Data to process -
_____
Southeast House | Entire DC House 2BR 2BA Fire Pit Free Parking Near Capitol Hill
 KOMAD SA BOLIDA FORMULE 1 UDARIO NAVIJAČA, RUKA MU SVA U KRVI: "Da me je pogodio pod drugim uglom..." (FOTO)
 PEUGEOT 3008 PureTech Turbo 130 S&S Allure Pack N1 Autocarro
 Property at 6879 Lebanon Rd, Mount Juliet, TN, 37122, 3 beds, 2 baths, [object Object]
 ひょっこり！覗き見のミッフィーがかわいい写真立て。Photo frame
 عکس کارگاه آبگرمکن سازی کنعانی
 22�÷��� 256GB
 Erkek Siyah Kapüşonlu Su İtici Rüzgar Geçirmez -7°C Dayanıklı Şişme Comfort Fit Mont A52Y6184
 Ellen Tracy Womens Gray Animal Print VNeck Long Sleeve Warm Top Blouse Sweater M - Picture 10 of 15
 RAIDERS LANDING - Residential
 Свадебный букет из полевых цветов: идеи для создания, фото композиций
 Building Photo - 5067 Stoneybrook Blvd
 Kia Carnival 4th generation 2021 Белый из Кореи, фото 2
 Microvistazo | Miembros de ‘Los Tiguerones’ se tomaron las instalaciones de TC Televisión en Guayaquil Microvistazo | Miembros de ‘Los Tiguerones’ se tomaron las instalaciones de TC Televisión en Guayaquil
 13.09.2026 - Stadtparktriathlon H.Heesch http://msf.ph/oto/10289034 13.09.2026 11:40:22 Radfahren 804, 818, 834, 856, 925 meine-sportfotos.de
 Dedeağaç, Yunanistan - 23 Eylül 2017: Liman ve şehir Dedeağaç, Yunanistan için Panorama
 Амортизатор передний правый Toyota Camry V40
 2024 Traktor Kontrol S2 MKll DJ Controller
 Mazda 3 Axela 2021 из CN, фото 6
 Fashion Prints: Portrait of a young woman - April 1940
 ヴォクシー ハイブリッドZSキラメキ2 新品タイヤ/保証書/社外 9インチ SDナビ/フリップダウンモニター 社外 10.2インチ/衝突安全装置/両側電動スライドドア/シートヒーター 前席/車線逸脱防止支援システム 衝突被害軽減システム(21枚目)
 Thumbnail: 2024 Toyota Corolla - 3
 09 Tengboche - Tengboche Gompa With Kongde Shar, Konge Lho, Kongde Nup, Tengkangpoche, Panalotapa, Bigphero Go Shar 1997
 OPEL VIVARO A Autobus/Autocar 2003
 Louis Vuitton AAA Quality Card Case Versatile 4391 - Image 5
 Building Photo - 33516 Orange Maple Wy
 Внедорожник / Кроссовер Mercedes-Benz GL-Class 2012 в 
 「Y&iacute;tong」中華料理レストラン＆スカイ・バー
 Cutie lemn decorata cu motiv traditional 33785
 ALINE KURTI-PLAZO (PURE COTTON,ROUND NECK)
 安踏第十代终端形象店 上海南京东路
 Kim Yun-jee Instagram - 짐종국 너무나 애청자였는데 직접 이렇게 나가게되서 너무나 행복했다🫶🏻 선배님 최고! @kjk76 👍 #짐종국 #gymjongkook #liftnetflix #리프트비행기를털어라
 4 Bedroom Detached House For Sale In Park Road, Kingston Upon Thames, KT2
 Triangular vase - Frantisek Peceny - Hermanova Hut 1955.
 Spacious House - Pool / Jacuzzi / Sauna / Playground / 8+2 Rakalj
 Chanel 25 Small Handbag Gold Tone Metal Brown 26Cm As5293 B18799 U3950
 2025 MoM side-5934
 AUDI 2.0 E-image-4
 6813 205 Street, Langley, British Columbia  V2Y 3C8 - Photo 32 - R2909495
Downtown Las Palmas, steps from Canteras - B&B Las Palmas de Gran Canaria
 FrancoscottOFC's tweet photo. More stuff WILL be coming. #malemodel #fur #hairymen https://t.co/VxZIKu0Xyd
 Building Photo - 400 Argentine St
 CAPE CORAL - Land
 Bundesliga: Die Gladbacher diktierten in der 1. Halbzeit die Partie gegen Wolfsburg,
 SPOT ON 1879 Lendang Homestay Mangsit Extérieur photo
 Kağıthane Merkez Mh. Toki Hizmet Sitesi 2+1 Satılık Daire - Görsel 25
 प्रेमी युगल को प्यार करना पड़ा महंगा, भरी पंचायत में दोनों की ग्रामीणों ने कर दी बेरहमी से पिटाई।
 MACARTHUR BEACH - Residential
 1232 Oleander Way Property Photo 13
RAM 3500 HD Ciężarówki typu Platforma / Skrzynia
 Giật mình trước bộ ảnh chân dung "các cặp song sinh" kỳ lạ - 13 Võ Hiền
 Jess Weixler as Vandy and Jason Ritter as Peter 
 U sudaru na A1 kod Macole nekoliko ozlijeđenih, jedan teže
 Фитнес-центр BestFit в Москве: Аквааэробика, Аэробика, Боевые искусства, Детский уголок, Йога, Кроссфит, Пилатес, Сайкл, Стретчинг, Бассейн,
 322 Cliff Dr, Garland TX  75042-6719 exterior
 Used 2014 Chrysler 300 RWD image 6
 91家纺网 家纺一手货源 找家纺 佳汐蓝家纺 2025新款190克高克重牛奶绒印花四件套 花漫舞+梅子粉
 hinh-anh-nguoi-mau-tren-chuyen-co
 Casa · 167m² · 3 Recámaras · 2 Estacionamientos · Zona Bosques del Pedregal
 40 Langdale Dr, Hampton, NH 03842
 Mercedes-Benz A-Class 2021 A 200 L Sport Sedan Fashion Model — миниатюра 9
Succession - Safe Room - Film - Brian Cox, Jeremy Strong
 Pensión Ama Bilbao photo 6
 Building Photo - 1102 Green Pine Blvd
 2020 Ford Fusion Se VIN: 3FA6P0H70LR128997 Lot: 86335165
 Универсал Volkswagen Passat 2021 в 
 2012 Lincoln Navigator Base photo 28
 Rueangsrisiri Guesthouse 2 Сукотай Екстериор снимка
_____
Assignment -
Wherever the word "Benz" appears in the data, return the whole line.

Written solution -
 Внедорожник / Кроссовер Mercedes-Benz GL-Class 2012 в 
 Mercedes-Benz A-Class 2021 A 200 L Sport Sedan Fashion Model — миниатюра 9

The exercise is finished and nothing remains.